Both translation and interpreting skills require long-life training. However, such training has to be built on sound foundations. Mine were laid at University of Salamanca, where I studied the degree in Translation and Interpreting between 2004 and 2009, with specialization in both translation and interpreting. Along my degree I had English as the first foreing language and French as the second one.
I was lucky enough to enjoy two Erasmus experiences. Firstly, I was an exchange student in Nice (France), where I improved my French skills, as well as acquire new ones in this language. Secondly, I spent the fall term in Copenhagen where, thanks to the English speaking university system, I had a real language immersion experience. Moreover, I took my first steps in a new language: Danish, which I go on studying.
Once I obtained my degree, I specialised in legal and administrative translation with the master’s degree in Institutional Translation in the University of Alicante, with English as the main language.

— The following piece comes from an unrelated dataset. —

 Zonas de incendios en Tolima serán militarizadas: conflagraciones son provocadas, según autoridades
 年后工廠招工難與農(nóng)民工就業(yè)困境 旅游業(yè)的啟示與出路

My master’s dissertation dealt with the translation problems faced when translating Spanish local regulations for non Spanish speakers.
Back in Spain once I completed my school year as foreing language assistant in London, I enroled another master’s degree: Intercultural Communication, Public Service Interpreting and Translation, taught by University of Alcala. During this course, I deepen my knowledge on community translation and interpreting in the legal, administrative and healthcare fields. My dissertation, in this case, dealt with legal and administrative translation for asylum seekers and refugees.
Given that translations and interpreting are never ending fields, I have never given up my training. I have attended courses focused on simultaneous interpreting, editing and proofreading, and technical translation, as well as broadening and consolidating my working language skills.